Enhancing the experience of manpages

Enhancing the experience of man pages

Now

Man pages are full of useful information, enhanced with some formatting such as bold and underlined font.

To new users this can appear arcane and off-putting. To experienced users this can still be visually unappealing and tedious.

We can do better.

A colourful future

man uses the MANPAGER environment variable, if set, to send its output to a pager program such as more, less or most. I use less which can be configured to, among other things, display line numbers and augment formatting e.g.

MANPAGER="less -N --use-color -Dd+y -Du+208 -DN+r" man openssl

I find this far more appealing and easier to scan quickly. You may disagree with my colour choices. If you do please free to improve upon them and report back.

Breaking it down:

  • less use the less pager
    • -N display line numbers
    • --use-color display colour in conjunction with -D
    • -Dd+y add yellow colour to text with bold font
    • -Du+208 add colour 208 from the 8-bit colour pallette to underlined text
    • -DN+r colour the line numbers red.

These options can be seen in the man page for less.

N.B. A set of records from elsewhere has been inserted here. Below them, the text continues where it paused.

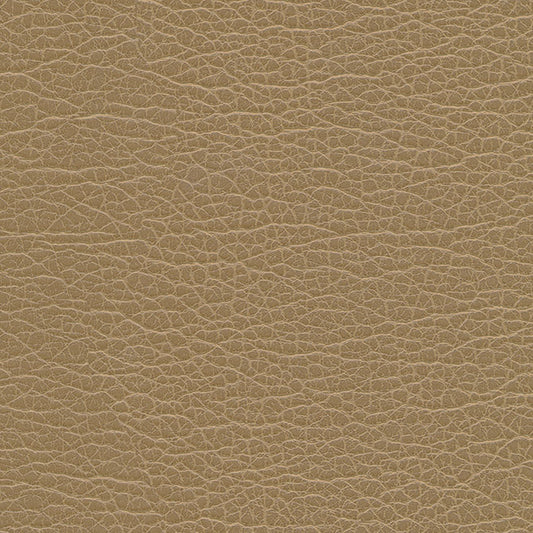 SNC1199 Maxwell FABRIC # 1199 BIRCH MO-COATEDFABRICS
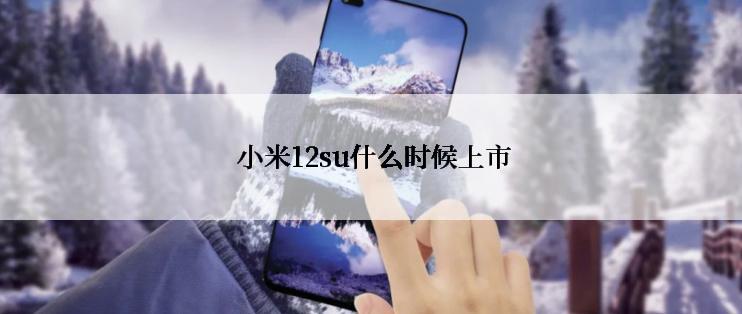  小米12su什么时候上市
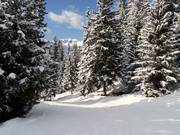 Dalafdaling Hattey naar Verbier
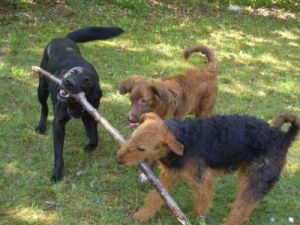 Bine, Easy und Arab-2011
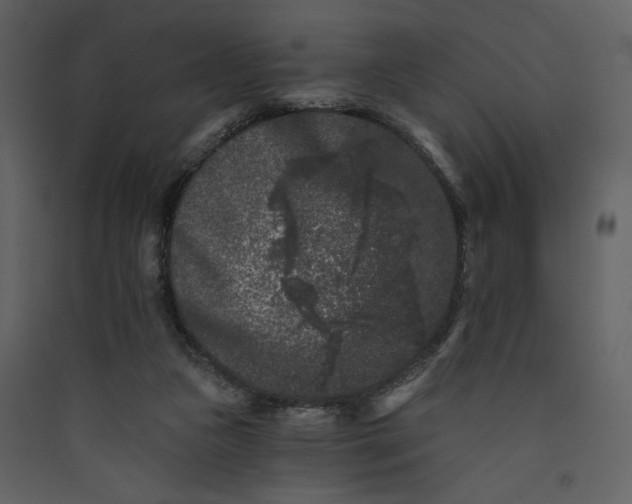 X0000089910161200707131356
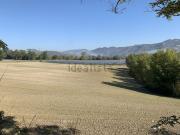 Terreno in vendita di 183506 m² in Via Flaminia Nord, 3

There are also termcap options which can be exported to achieve colourful man pages.

What should we do with this knowledge?

I think we should consider whether this would be a good enhancement for the user experience. Exporting the MANPAGER environment variable on behalf of users, desktop and server, is one approach, but adding an alias might be a nice, un-intrusive, alternative.

# File: ~/.bash_aliases

alias manual='MANPAGER="less -XNR --use-color -Dd+y -Du+208 -DN+r" man'

I would like to hear your thoughts, fellow members of the community. Most people seem unaware of the possibility. Perhaps this is something Ubuntu & the flavours would consider adopting and refining for implementation?

Best regards

Daniel

7 Likes

This is a neat idea. A couple of extra thoughts:

It would be nice if these were Ubuntu colours. Annoyingly, the Ubuntu brand colours aren’t exactly available from less’s determinedly 8-bit palette, but we can approximate them; “light aubergine” is fairly close to ANSI colour 89; warm grey fairly close to ANSI 145; and Ubuntu orange fairly close to 202. I’ve always found it rather good that Ubuntu terminals are instantly recognisable in screenshots (and so the OS used to take the screenshot is instantly recognisable as having been Ubuntu), and this would continue that.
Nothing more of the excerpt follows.